(Your instructions): Only the lines of the listing below that run from the line with "kes korvab kahju?" through the line with "Skoda Enyaq 50" are to be set down, word for word. Pictures stay out.
--- Data to process ---
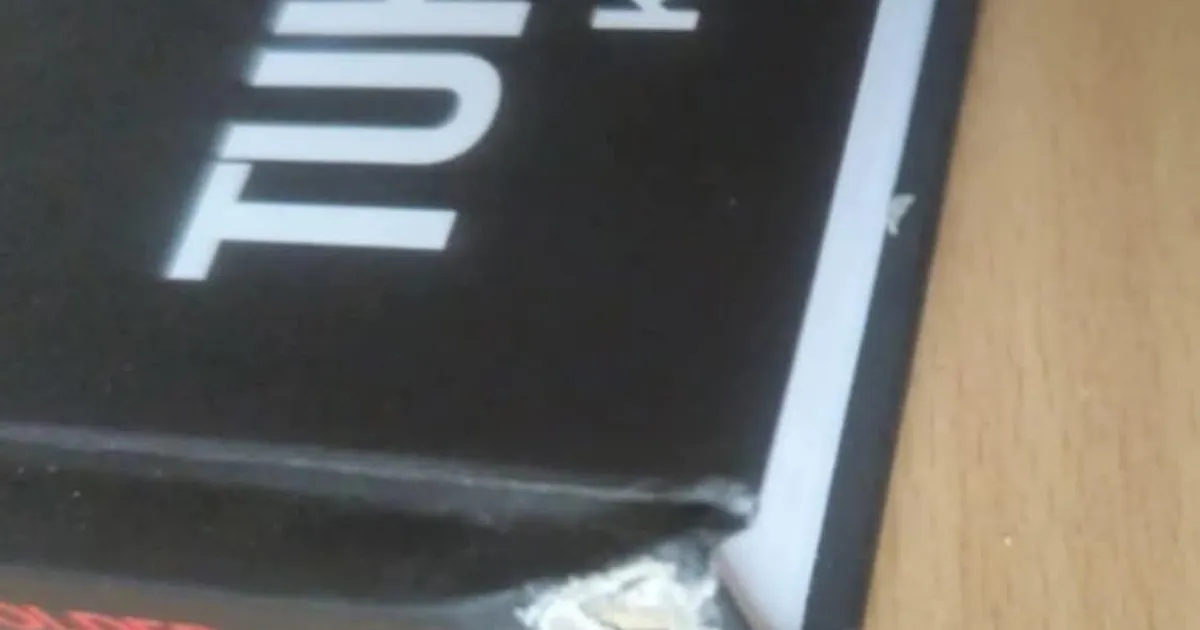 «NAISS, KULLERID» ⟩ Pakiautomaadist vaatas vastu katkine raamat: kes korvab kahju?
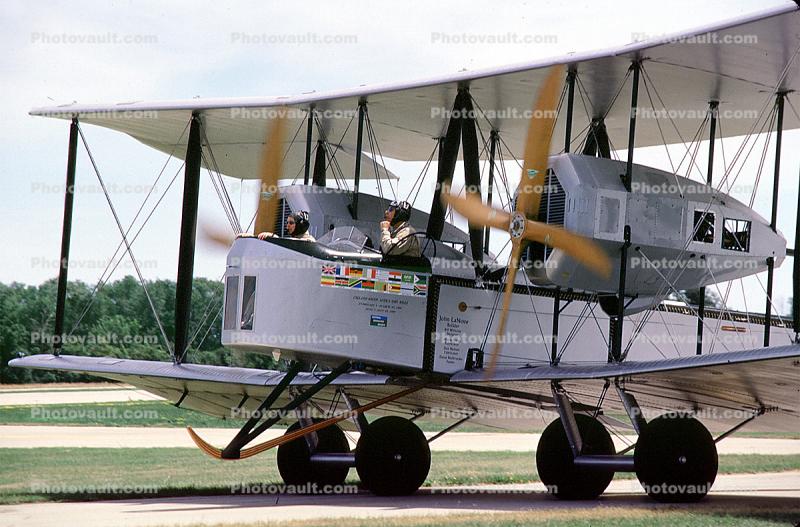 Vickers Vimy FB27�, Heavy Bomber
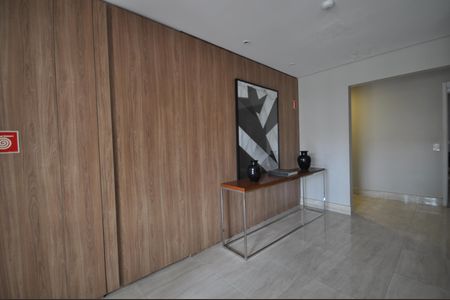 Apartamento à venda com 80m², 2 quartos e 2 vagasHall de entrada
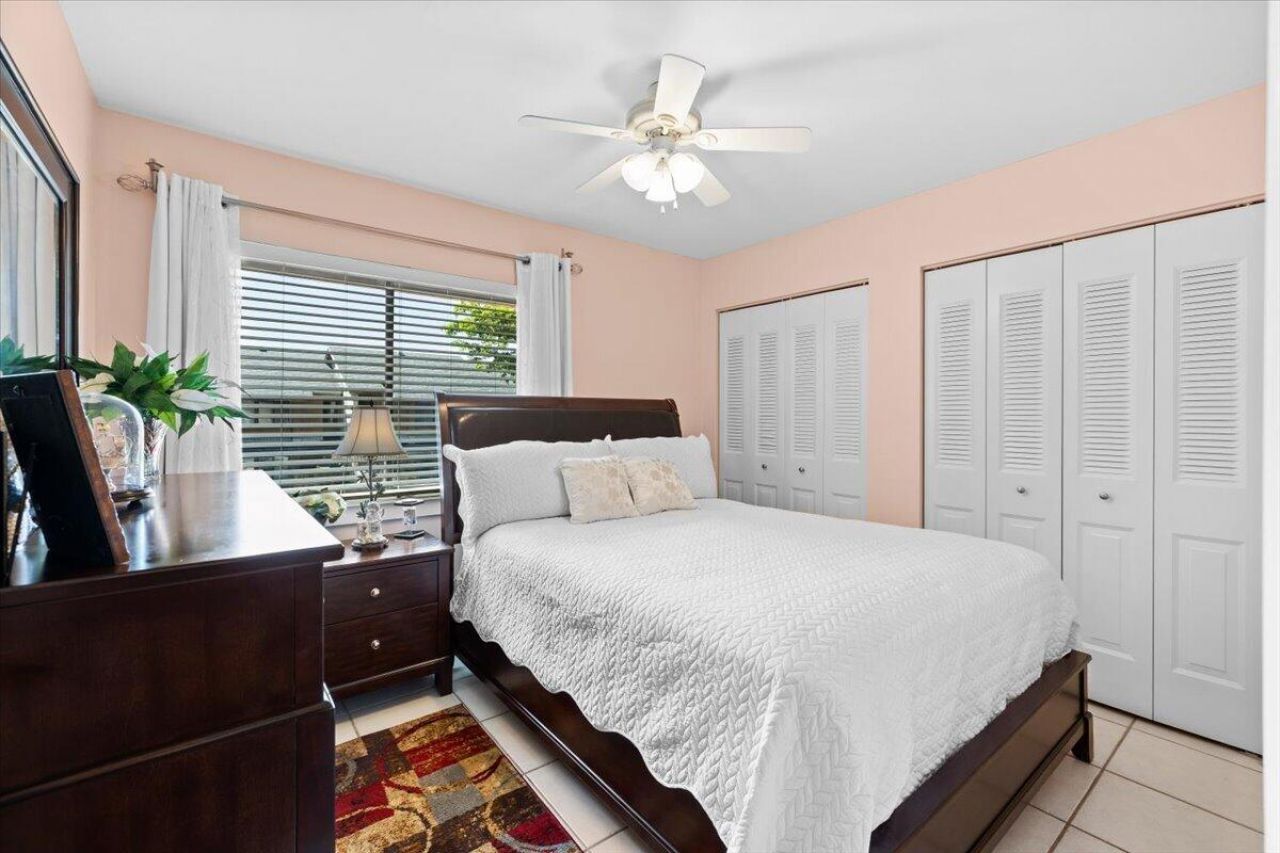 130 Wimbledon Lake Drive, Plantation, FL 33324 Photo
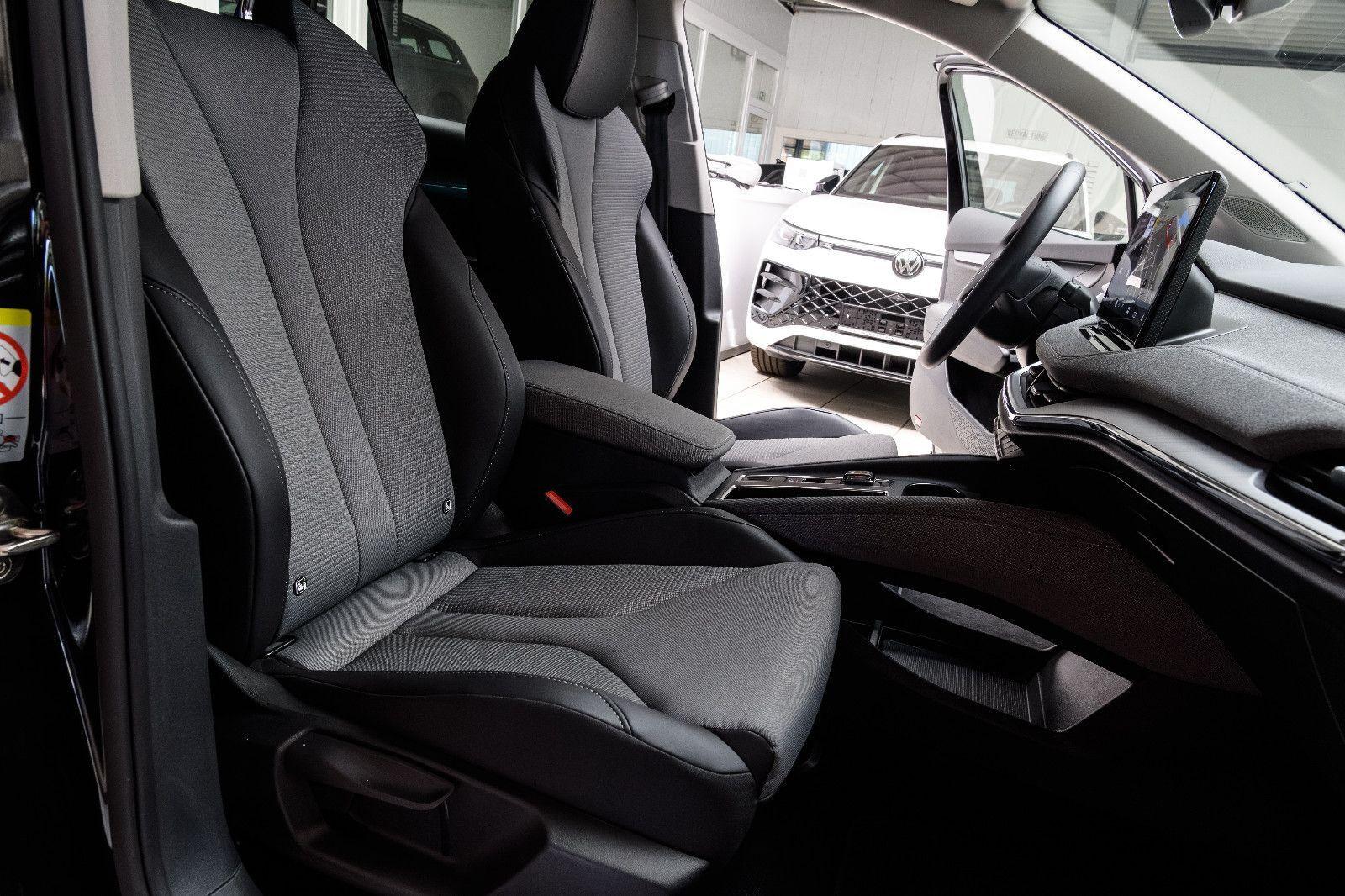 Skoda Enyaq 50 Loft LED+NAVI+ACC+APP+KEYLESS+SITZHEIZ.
---
--- Data to process ---
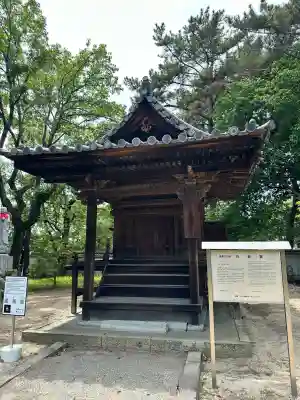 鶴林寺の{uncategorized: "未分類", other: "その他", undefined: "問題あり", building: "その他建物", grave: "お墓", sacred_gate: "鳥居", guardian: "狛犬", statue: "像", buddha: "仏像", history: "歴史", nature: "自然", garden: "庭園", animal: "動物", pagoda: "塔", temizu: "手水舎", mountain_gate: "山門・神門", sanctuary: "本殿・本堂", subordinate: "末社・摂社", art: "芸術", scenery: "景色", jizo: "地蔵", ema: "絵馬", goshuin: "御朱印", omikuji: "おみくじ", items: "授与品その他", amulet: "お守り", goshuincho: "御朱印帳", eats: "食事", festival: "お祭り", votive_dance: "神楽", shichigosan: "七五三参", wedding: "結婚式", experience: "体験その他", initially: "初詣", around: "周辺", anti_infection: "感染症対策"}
---
--- Data to process ---
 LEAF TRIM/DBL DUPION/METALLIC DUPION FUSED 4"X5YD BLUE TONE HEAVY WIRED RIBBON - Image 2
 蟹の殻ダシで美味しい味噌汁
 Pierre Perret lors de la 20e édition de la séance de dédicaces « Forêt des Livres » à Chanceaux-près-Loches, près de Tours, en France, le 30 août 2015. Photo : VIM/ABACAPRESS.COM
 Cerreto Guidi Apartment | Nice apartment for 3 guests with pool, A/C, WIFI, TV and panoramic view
---
(Exercise answer):
 «NAISS, KULLERID» ⟩ Pakiautomaadist vaatas vastu katkine raamat: kes korvab kahju?
 Vickers Vimy FB27�, Heavy Bomber
 Apartamento à venda com 80m², 2 quartos e 2 vagasHall de entrada
 130 Wimbledon Lake Drive, Plantation, FL 33324 Photo
 Skoda Enyaq 50 Loft LED+NAVI+ACC+APP+KEYLESS+SITZHEIZ.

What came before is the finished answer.